1. Lack of effective strategic planning

SAI Global’s principal advisor in business improvement, David Smith, said small-to-medium businesses are the biggest culprits of failing to strategically plan.

“We find smaller businesses more commonly have less of a focus on strategy and direction,” Smith said.

“They are too busy running their business and don’t have the resources to look at the bigger picture. As such, they have less of an understanding of the competitive environment, are less able to compete, and often struggle to identify opportunities and grow.”

2. Mid-level and junior employees don’t know about the business’ objectives

Businesses are failing to let lower level employees know about their measurable objectives, and provide them with the necessary resources to achieve those objectives.

Smith said this leads to the “silo effect”, where internal teams work independently of each other.

Ultimately, it becomes tougher for those businesses to meet their objectives.

3. Important business functions aren’t being monitored

Businesses should be monitoring performance at each level, but Smith said monitoring processes aren’t being developed, or if they are, they’re not followed.

If businesses are looking to improve the efficiency of certain functions, it’s unlikely to achieve that if they don’t implement a scheduling system that can be measured.

4. Short-sighted leadership

Small-to-medium businesses tend to excel in leadership, but in larger organisations, Smith said he’d seen section heads focus on their own area, instead of the entire organisation.

This also leads to the silo effect, which in turn leads to inefficiencies.

5. Conflicting systems, processes and objectives

Some internal systems and objectives within individual departments can clash with businesses’ objectives.

“For instance, an organisation’s call centre may have an efficiency targets that requires its operators to limit their call times with each customer,” the report said.

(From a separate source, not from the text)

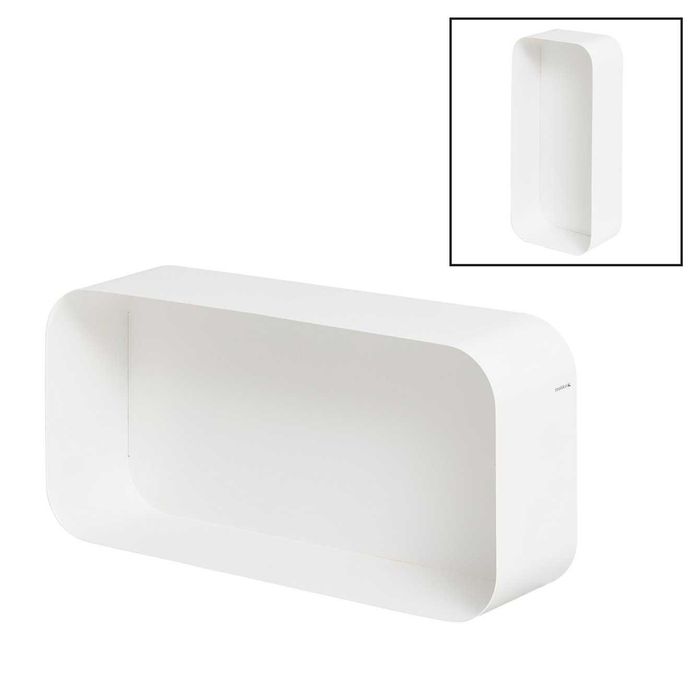 Półka ścienna sześcian 50 cm
Brix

“This could mean that all of the information required from the customer to provide a quality service is not obtained and this can hinder the achievement of the quality service objectives set by the organisation.”

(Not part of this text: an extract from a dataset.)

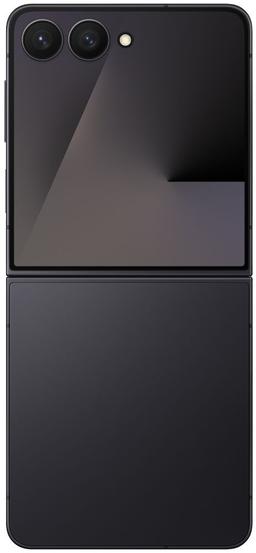 Galaxy Z Flip7 - 256GB - JetBlack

6. Employees don’t receive support to develop

Smith said when SAI Global interviewed employees as part of its auditing process, it often found they were put into roles with very little mentoring and support.

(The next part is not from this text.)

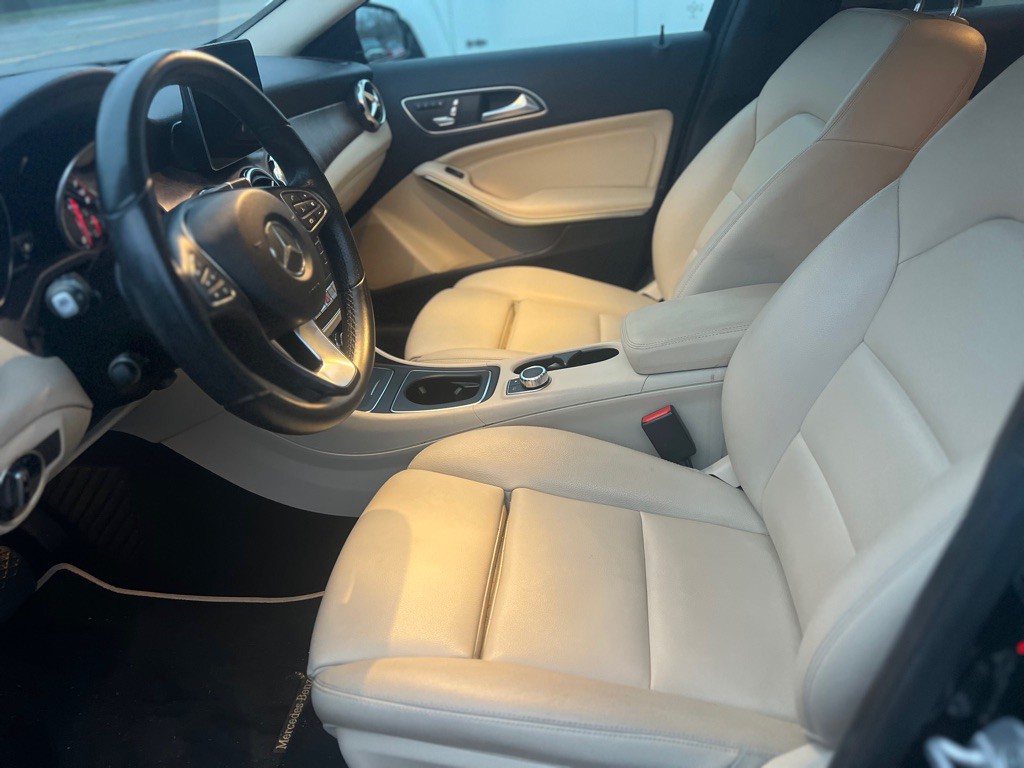 2018 Mercedes-Benz GLA-Class Image 7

“As a result, they have difficulty in fulfilling the requirements of their role, particularly early on,” he said.

7. Failing to identify and solve problems

Senior management often use profit and loss statements alone to monitor the health of their business, but Smith said this isn’t an effective means of doing so.

“Basing decisions on financials without a focus on the quality of the organisation’s products and services happens a lot – and is not an effective means of identifying problems.”

When the silo effect is occurring, Smith said problems are sometimes hidden in individual departments, rather than financial statements, and this tends to have a negative effect on the entire organisation.